To avoid encountering such setbacks, a pre‑IPO company should start getting frequent 409A valuations (quarterly or, in certain circumstances, more often) as the IPO approaches and work with its auditors to ensure that the valuations of its equity issuances are acceptable for accounting purposes.
There are many compliance requirements that come into effect when a company becomes public, or even as it enters the IPO process. For those standards that may not yet apply, it can be beneficial for a company to adopt certain changes in advance to essentially learn how to think and act like a public company. New corporate governance policies can be established in advance and communicated to employees. The company’s website will need to be reviewed and updated to be consistent with the registration statement. A roadmap for making the transition to becoming compliant with internal controls testing under Section 404 of the Sarbanes‑Oxley Act should be identified, including the engagement of an accounting firm as a consultant if needed. There are rules relating to public communications once a company is in the registration process with the SEC. To ensure that there are no “gun jumping” issues in the middle of the IPO process, company counsel should be asked to advise on publicity guidelines, as well as any interview or public speaking opportunities. The SEC is on alert for potential gun jumping violations, which can result in significant delays or undesired disclosures.
Due to the length of the IPO process and the fact that business does not come to a stop during that time, it is important that companies plan as far ahead as possible regarding major business developments and transactions. For example, consummation of an acquisition of another company or business that exceeds certain materiality thresholds will require that separate audited financial statements for the target be included in the registration statement. If the target does not have audited financial statements available, or is a business within another company and will need to develop “carve‑out” financial statements, this will result in a significant delay. If an acquisition opportunity materializes once the IPO process has begun, management and the board will need to consider the extent of the delay that could result.

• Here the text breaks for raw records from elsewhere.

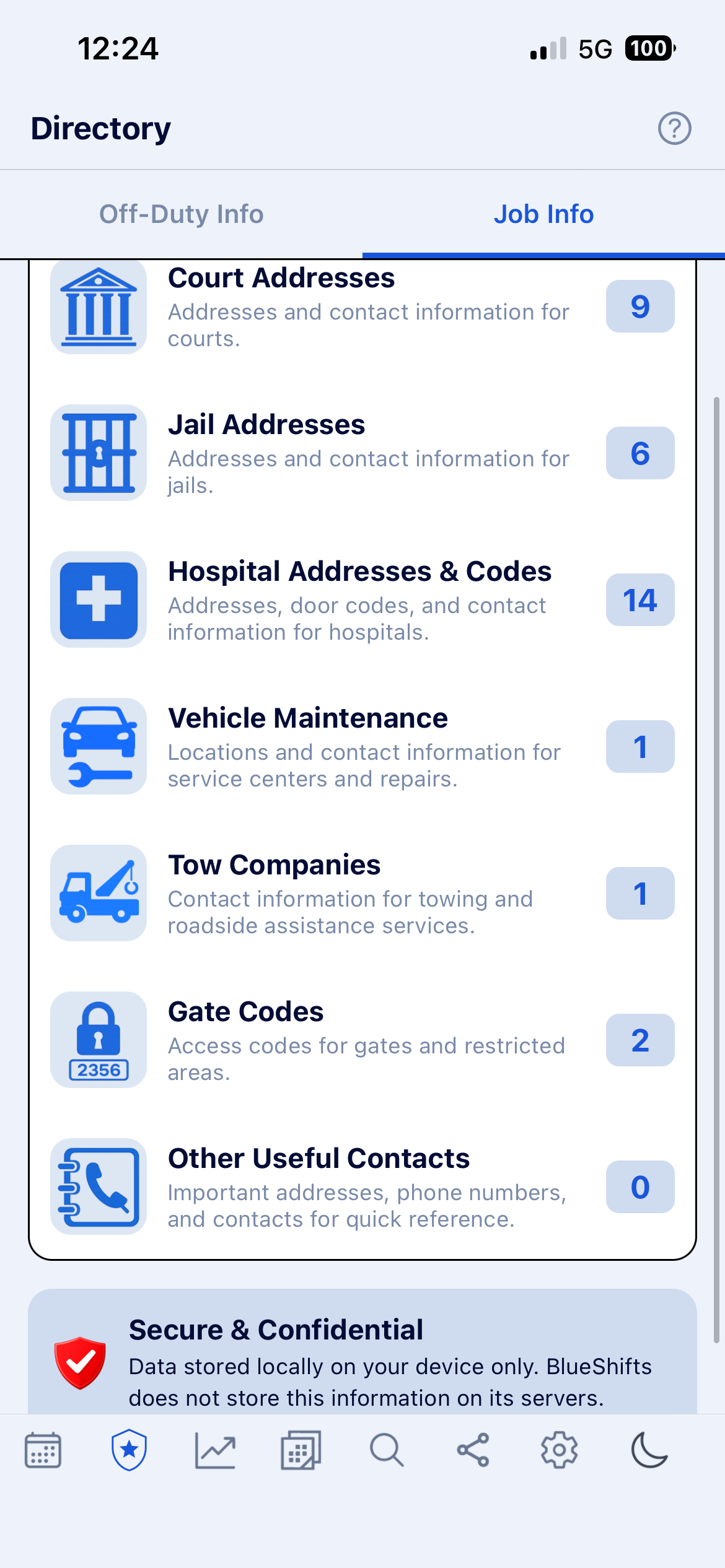 BlueShifts job information directory screenshot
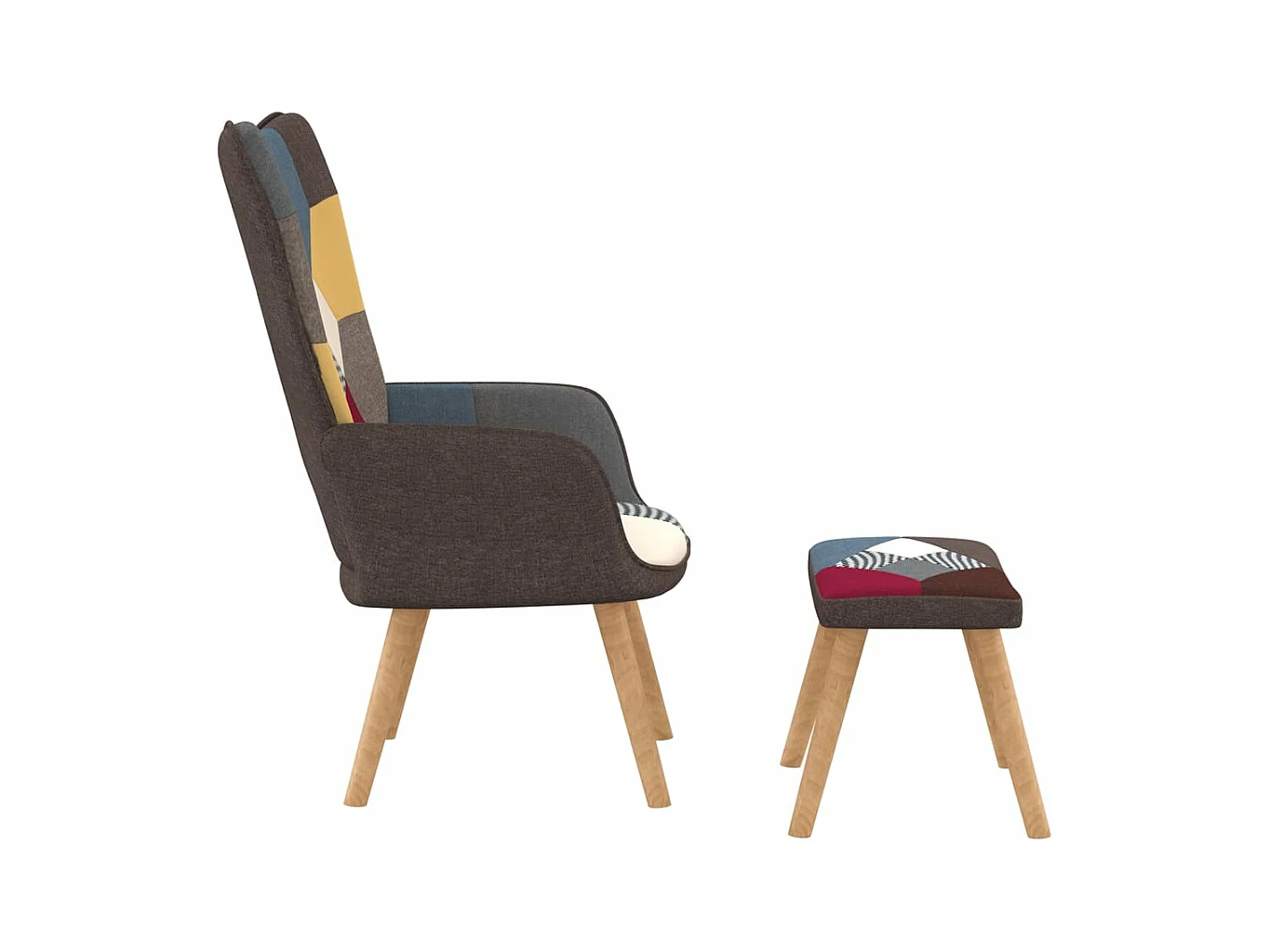 Fauteuil de relaxation avec repose-pied Patchwork Tissu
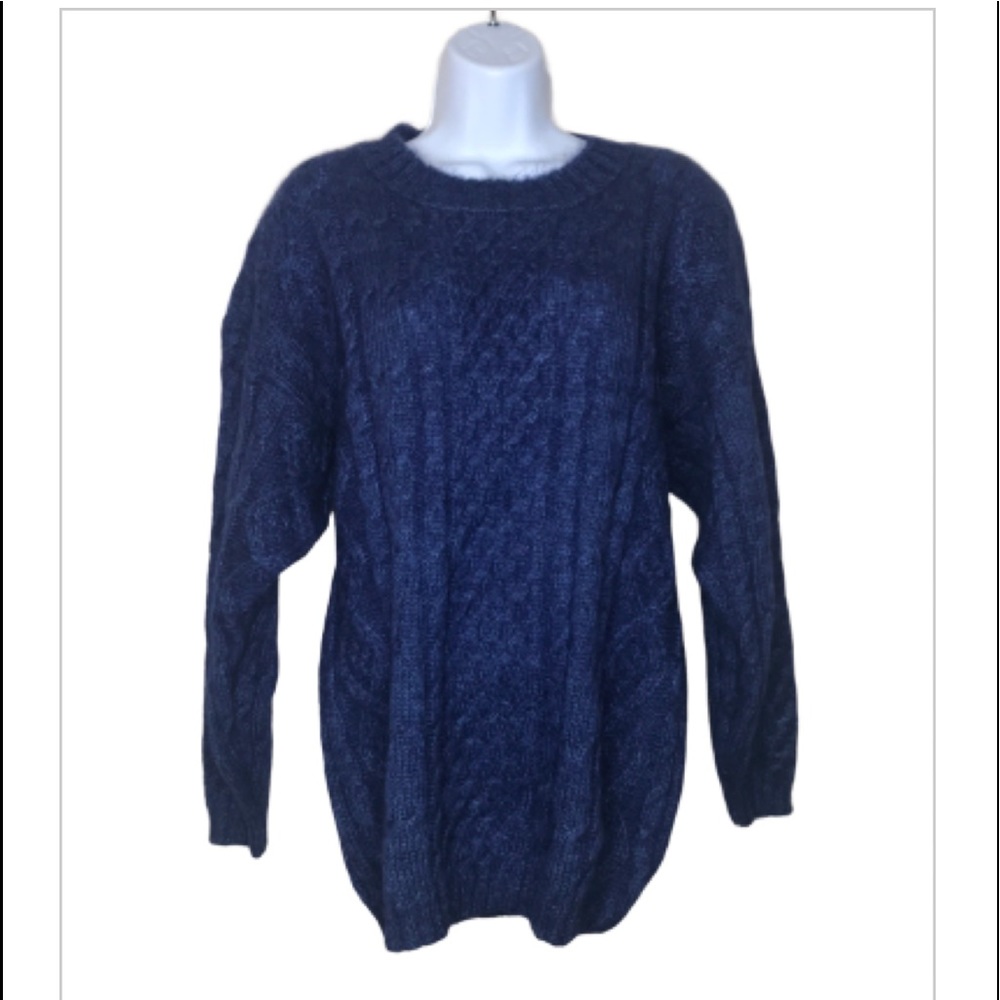 Vintage Knit Knit Chunky Knit Blue Cable Sweater size large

The company’s underwriters may advocate the completion of certain actions before launching the IPO, such as release of a new product, entry into a material contract or settlement of material litigation, but such events can pose challenges in terms of the IPO schedule. A new product launch may not have enough performance history for a company to be able to make the types of disclosure the underwriters would prefer in the registration statement. Counterparties to material contracts may object to information being disclosed or contracts being publicly filed. Additionally, parties to legal proceedings may try to leverage knowledge of the IPO process or any initial disclosure that may have been made with respect to reserves for such disputes to extract more favorable terms.
A company will be more vulnerable to a hostile takeover attempt once it becomes publicly traded. The board of directors and management of the company must decide whether the additional risk makes it worthwhile to adopt certain anti‑takeover strategies, which are easier to implement while the company is still privately held. Company counsel can advise on what is typical in this situation.